_INSTRUCTIONS TO FOLLOW:_
From the data below, repeat exactly the lines from the line with "-银米·云南传统过桥米线(双廊黑金冠店)" to the line with "情系困难退役军人 走访慰问温暖人心(图2)", both included.

**********

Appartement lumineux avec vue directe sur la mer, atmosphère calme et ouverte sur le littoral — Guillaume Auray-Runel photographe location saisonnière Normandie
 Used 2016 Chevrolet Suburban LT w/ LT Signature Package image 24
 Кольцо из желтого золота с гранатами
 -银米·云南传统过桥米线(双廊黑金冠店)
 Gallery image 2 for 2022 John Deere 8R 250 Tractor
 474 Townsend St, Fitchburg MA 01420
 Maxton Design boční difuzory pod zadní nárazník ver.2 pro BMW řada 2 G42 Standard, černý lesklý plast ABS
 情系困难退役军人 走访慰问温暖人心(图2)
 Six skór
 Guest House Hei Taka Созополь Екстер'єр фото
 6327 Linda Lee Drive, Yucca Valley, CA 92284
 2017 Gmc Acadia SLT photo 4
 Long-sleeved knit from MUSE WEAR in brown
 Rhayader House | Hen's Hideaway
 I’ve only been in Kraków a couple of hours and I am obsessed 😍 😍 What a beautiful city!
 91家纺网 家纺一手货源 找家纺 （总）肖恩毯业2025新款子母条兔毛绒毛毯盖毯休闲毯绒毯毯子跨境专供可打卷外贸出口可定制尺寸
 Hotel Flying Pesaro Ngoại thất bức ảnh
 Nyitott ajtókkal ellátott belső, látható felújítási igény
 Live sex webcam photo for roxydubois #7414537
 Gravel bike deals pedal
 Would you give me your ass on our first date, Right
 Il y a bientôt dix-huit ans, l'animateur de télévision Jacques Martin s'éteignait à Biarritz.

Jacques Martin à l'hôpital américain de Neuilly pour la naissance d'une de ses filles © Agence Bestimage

**********

_ANSWER TO THIS EXERCISE:_
 -银米·云南传统过桥米线(双廊黑金冠店)
 Gallery image 2 for 2022 John Deere 8R 250 Tractor
 474 Townsend St, Fitchburg MA 01420
 Maxton Design boční difuzory pod zadní nárazník ver.2 pro BMW řada 2 G42 Standard, černý lesklý plast ABS
 情系困难退役军人 走访慰问温暖人心(图2)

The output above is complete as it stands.